### TASK PROMPT:
Transcribe the entries exactly; images are not part of the copy.

### DATA TO USE:
==========

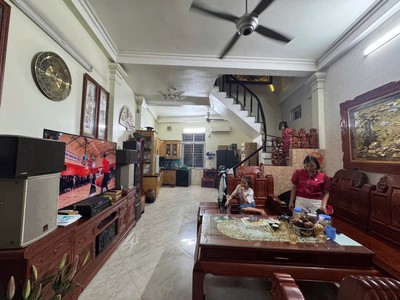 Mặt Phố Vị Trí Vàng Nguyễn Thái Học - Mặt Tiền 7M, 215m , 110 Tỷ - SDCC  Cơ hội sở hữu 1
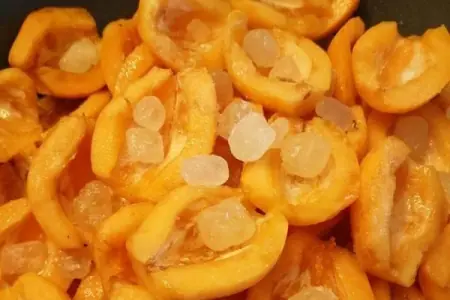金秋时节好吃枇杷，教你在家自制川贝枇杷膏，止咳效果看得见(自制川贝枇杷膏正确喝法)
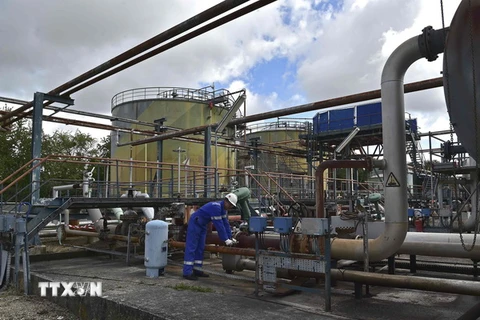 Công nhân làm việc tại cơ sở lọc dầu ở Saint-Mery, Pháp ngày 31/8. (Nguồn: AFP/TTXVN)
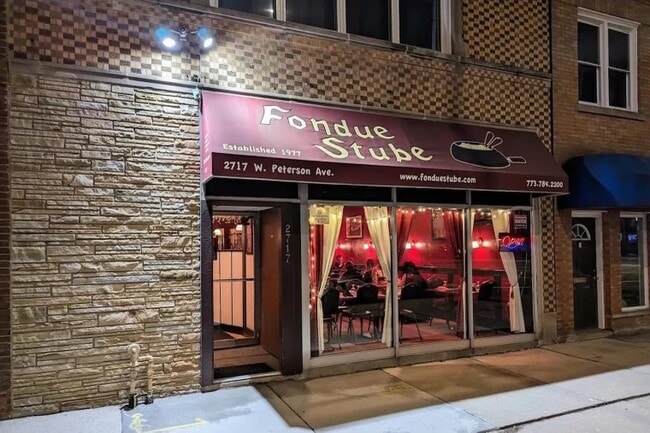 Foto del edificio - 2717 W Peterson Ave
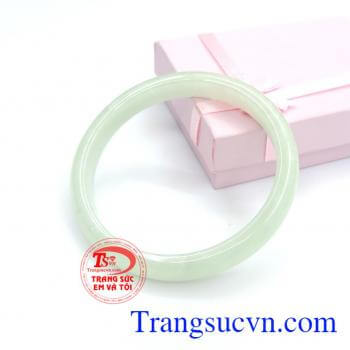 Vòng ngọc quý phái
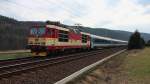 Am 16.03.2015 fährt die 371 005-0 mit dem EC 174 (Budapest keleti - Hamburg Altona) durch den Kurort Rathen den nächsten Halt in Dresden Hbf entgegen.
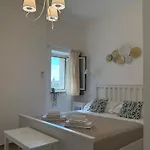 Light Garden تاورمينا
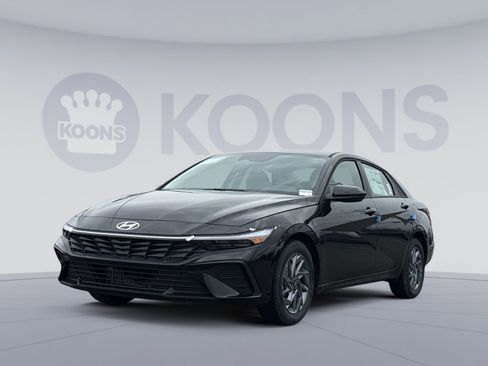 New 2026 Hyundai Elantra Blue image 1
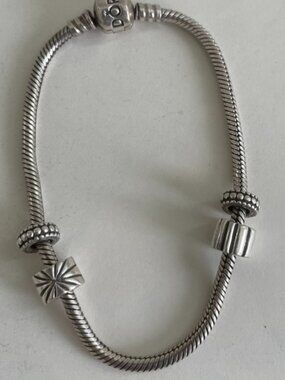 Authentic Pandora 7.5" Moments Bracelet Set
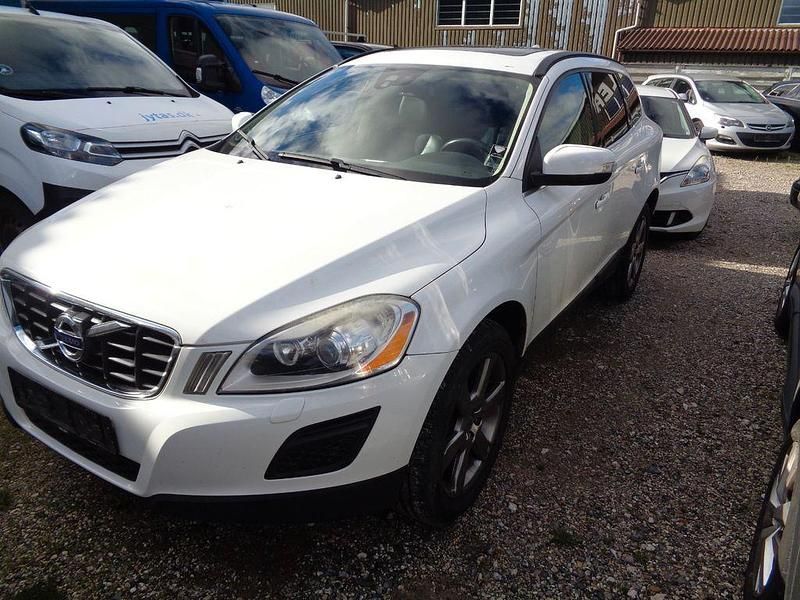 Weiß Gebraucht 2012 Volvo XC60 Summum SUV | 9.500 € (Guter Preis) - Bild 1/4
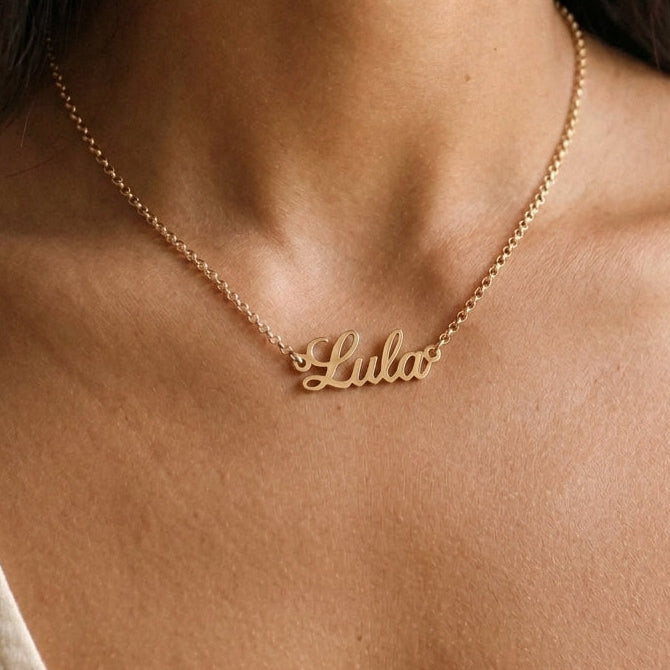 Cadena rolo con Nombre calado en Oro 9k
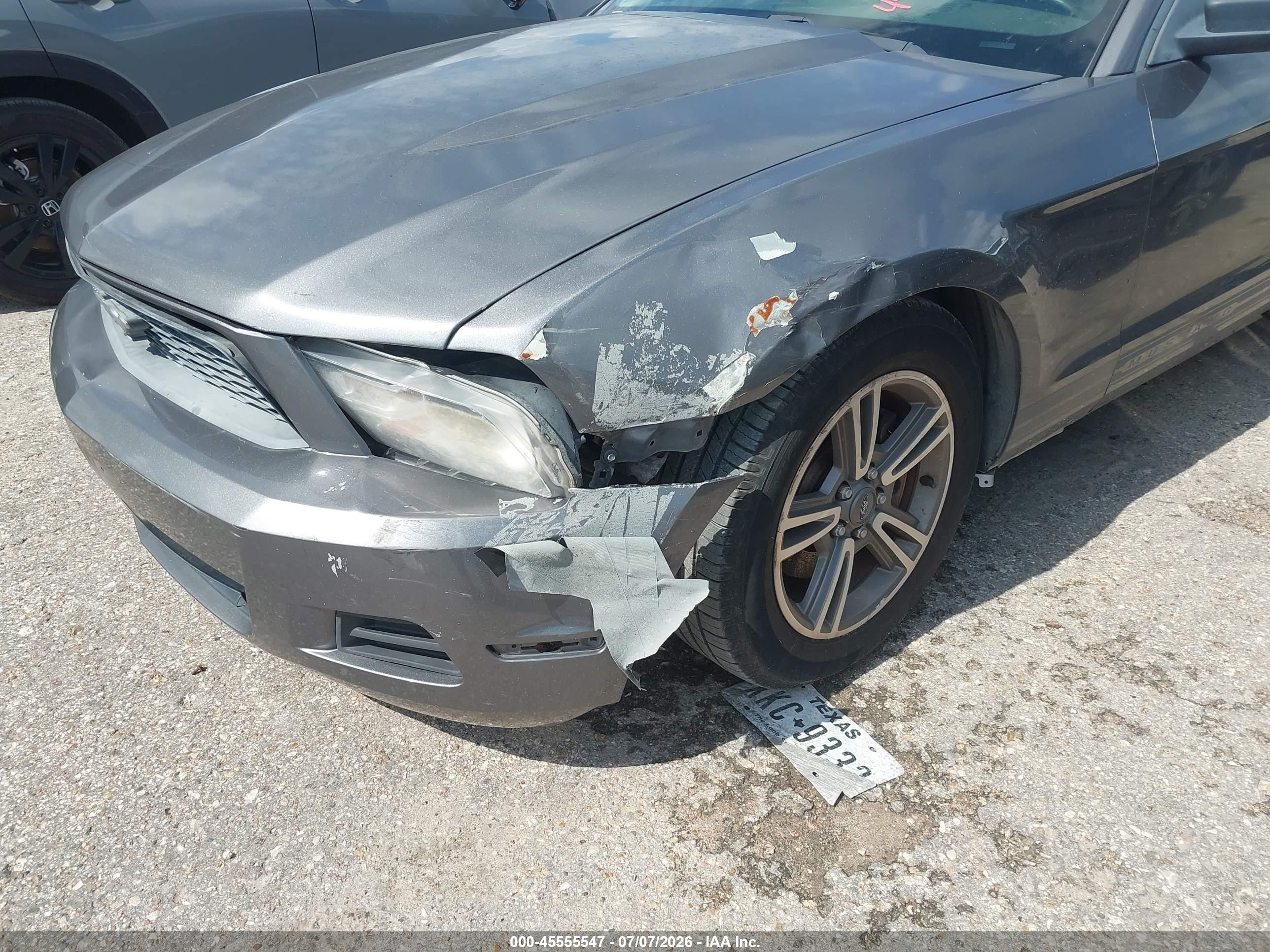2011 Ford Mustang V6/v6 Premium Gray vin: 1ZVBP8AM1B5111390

==========

### WRITTEN SOLUTION:
 Mặt Phố Vị Trí Vàng Nguyễn Thái Học - Mặt Tiền 7M, 215m , 110 Tỷ - SDCC  Cơ hội sở hữu 1
金秋时节好吃枇杷，教你在家自制川贝枇杷膏，止咳效果看得见(自制川贝枇杷膏正确喝法)
 Công nhân làm việc tại cơ sở lọc dầu ở Saint-Mery, Pháp ngày 31/8. (Nguồn: AFP/TTXVN)
 Foto del edificio - 2717 W Peterson Ave
 Vòng ngọc quý phái
 Am 16.03.2015 fährt die 371 005-0 mit dem EC 174 (Budapest keleti - Hamburg Altona) durch den Kurort Rathen den nächsten Halt in Dresden Hbf entgegen.
 Light Garden تاورمينا
 New 2026 Hyundai Elantra Blue image 1
 Authentic Pandora 7.5" Moments Bracelet Set
 Weiß Gebraucht 2012 Volvo XC60 Summum SUV | 9.500 € (Guter Preis) - Bild 1/4
 Cadena rolo con Nombre calado en Oro 9k
2011 Ford Mustang V6/v6 Premium Gray vin: 1ZVBP8AM1B5111390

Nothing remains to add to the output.